Illustrative tractographies of functional language tracts (AF in turquoise, IFOF in orange, ILF in purple, UF in green) for each aphasia type pre-and postoperatively. The respective tumor is highlighted in brown within the preoperative tractographies

Conclusion

Based on nTMS language mapping and DTI tractography of major left-hemispheric language tracts, qualitative and quantitative functional-relevant tract properties could be derived, which allows for differentiation of patients without any, with tumor or previous resection caused persistent and transient or permanent surgery-induced aphasia.

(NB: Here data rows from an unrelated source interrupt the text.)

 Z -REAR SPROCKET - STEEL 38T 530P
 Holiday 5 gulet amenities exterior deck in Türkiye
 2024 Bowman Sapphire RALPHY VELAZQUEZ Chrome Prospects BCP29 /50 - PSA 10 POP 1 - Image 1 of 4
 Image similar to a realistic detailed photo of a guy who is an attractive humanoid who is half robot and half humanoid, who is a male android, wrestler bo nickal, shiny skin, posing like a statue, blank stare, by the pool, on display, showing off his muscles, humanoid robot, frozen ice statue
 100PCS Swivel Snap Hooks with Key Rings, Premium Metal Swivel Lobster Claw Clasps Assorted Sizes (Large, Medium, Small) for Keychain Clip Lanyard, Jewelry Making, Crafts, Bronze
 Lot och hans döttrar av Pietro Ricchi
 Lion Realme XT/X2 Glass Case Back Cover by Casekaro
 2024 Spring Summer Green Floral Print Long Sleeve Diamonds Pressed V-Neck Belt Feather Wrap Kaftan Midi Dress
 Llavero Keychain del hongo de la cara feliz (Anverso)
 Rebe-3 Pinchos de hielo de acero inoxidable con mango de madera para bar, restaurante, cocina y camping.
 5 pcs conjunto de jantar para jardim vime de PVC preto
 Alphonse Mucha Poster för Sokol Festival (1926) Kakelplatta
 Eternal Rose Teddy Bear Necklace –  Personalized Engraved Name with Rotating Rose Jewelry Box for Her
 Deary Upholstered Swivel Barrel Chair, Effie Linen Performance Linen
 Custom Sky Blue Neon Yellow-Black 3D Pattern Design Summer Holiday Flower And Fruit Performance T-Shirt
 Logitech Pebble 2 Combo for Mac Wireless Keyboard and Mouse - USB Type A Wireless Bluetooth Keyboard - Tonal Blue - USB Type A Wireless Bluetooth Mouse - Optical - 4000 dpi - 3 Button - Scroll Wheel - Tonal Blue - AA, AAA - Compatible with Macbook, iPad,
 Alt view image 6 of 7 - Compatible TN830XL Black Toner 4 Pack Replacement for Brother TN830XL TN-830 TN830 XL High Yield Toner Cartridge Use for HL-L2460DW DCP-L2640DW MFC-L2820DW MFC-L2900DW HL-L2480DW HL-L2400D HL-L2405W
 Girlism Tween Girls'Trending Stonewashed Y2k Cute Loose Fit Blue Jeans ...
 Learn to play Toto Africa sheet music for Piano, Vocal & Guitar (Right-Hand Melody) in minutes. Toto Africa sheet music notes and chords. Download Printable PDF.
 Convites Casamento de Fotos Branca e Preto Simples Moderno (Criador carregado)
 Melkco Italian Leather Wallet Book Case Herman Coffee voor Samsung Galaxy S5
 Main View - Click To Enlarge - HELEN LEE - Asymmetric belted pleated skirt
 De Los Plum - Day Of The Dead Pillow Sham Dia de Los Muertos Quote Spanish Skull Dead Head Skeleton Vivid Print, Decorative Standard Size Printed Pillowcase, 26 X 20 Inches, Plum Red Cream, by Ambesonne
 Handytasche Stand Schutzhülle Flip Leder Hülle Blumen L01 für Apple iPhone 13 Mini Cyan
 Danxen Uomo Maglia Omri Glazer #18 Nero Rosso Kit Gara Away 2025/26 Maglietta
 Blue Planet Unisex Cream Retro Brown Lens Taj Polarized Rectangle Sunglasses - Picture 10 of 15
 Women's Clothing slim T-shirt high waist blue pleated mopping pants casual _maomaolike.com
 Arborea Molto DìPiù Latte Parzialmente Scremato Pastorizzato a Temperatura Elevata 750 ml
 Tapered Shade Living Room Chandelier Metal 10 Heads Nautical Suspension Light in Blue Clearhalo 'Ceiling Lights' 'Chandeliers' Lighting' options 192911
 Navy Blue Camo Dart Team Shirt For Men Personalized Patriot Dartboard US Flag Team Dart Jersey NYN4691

Lesion to tract distance and the preoperative reconstruction ability of AF or FA of IFOF provided indications of the type of aphasia before a resection. At the same time, the volume loss of AF and IFOF and the intersection overlap of preoperative AF with the resection cavity were suitable correlates of surgery-induced transient and permanent aphasia. Hence, by combining pre- and postoperative qualitative and quantitative functionally relevant AF and IFOF properties, a feasible and easily integrable tool for individual pathophysiological risk stratification and identifying individual, effective targets for stimulation-based pre- or rehabilitative approaches may be derived. This may substantially support decisions on the surgical approach and the intervention strategy, as well as aphasia prevention and rehabilitation.